§ **TASK DIRECTIONS**
Only the lines running from the line with "Rock On Circuit" to the end of the listing below should be copied, exactly, without pictures.
#####
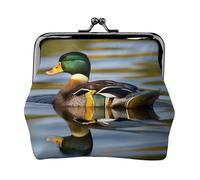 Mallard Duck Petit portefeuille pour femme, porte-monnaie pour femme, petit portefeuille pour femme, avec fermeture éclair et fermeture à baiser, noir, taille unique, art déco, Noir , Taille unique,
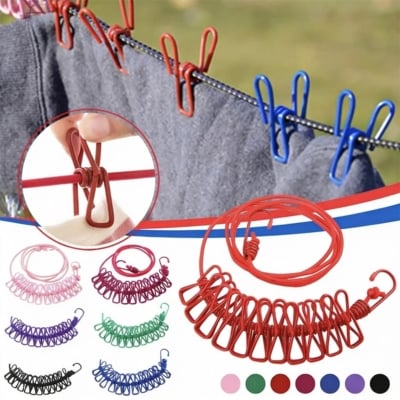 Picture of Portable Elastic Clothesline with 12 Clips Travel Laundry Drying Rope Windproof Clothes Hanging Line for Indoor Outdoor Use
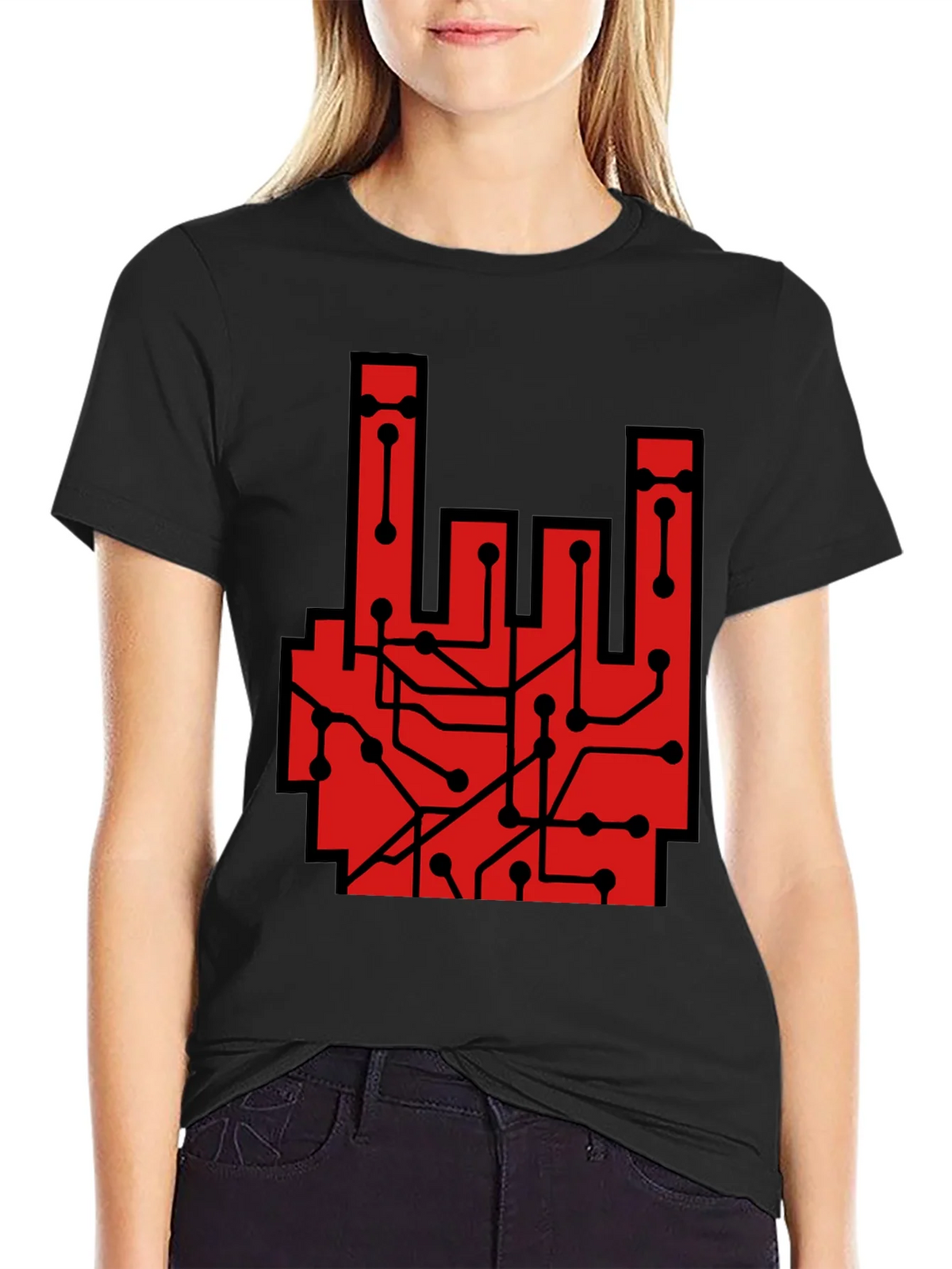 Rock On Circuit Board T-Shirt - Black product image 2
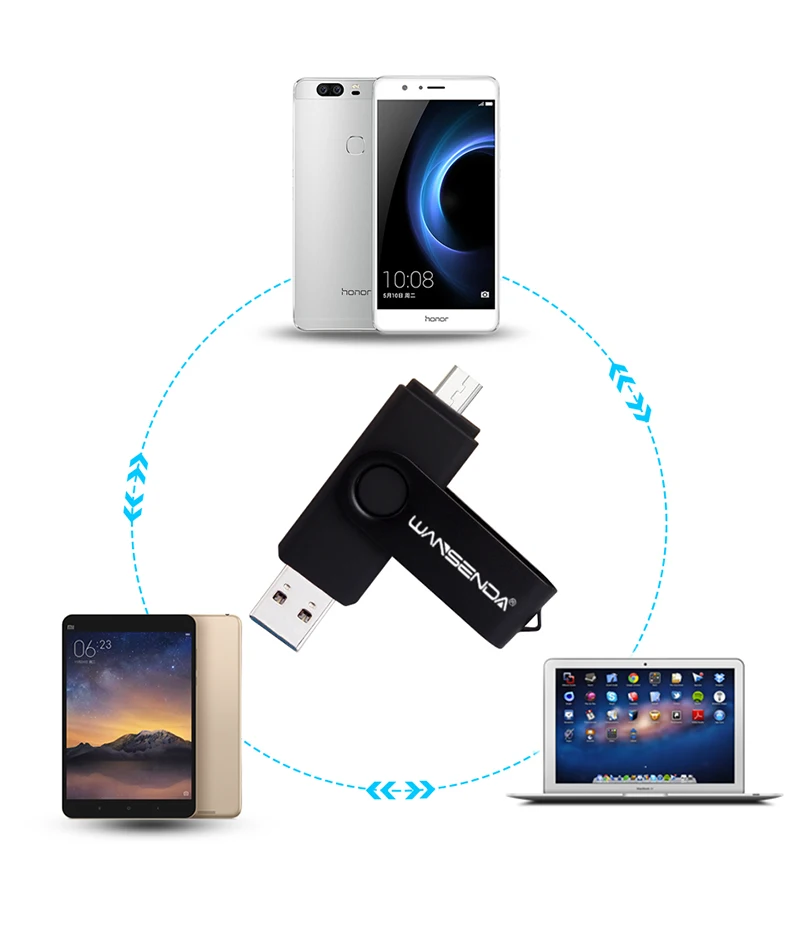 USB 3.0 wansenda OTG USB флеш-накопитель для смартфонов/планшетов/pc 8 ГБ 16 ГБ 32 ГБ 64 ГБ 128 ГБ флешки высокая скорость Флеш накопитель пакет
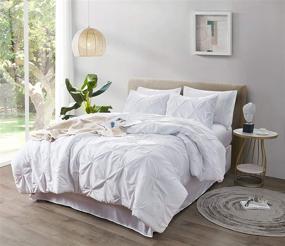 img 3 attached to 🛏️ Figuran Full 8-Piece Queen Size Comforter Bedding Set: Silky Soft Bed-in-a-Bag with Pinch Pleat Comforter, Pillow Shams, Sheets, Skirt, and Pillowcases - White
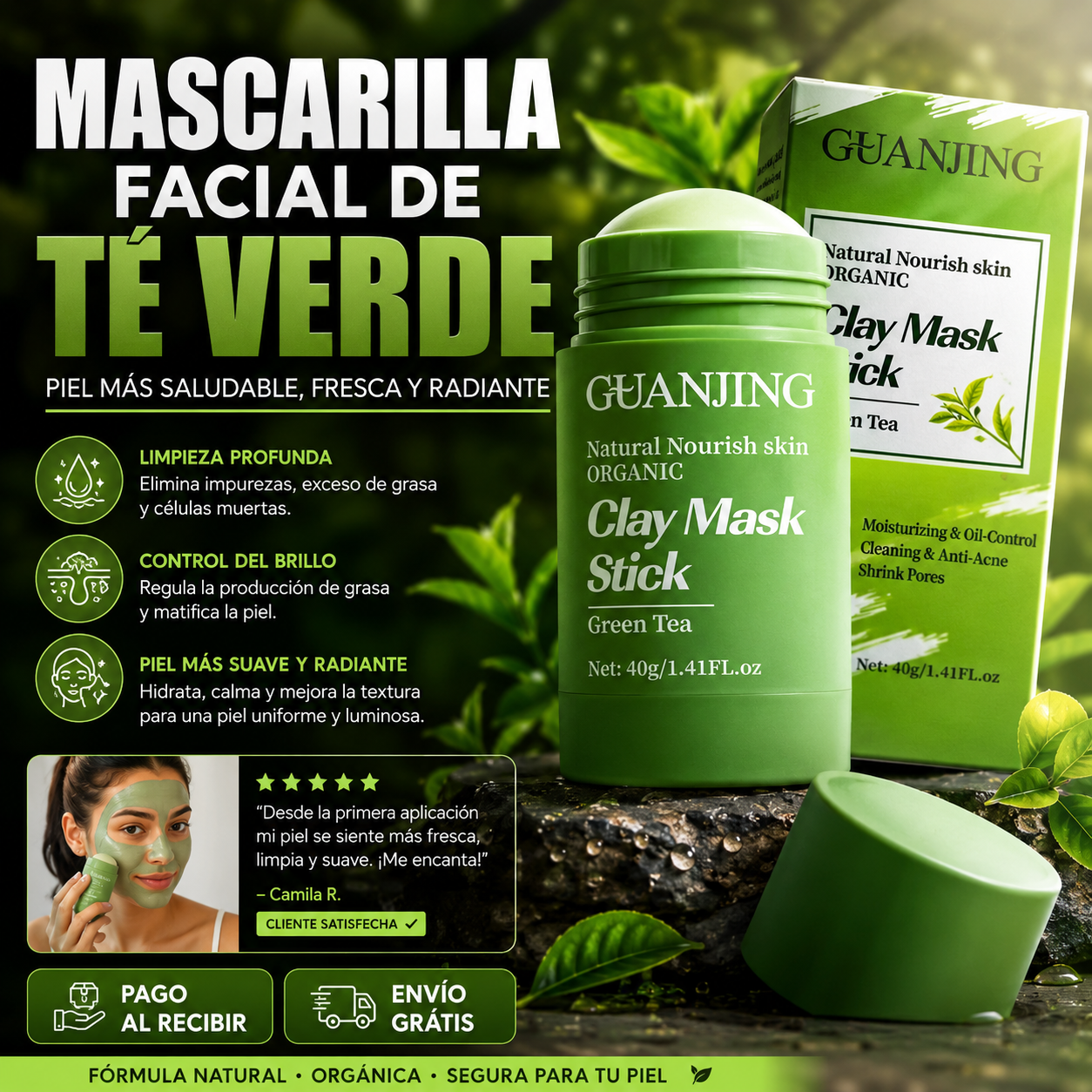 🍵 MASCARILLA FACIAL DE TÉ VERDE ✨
#####
§ **WRITTEN SOLUTION**
 Rock On Circuit Board T-Shirt - Black product image 2
 USB 3.0 wansenda OTG USB флеш-накопитель для смартфонов/планшетов/pc 8 ГБ 16 ГБ 32 ГБ 64 ГБ 128 ГБ флешки высокая скорость Флеш накопитель пакет
 img 3 attached to 🛏️ Figuran Full 8-Piece Queen Size Comforter Bedding Set: Silky Soft Bed-in-a-Bag with Pinch Pleat Comforter, Pillow Shams, Sheets, Skirt, and Pillowcases - White
 🍵 MASCARILLA FACIAL DE TÉ VERDE ✨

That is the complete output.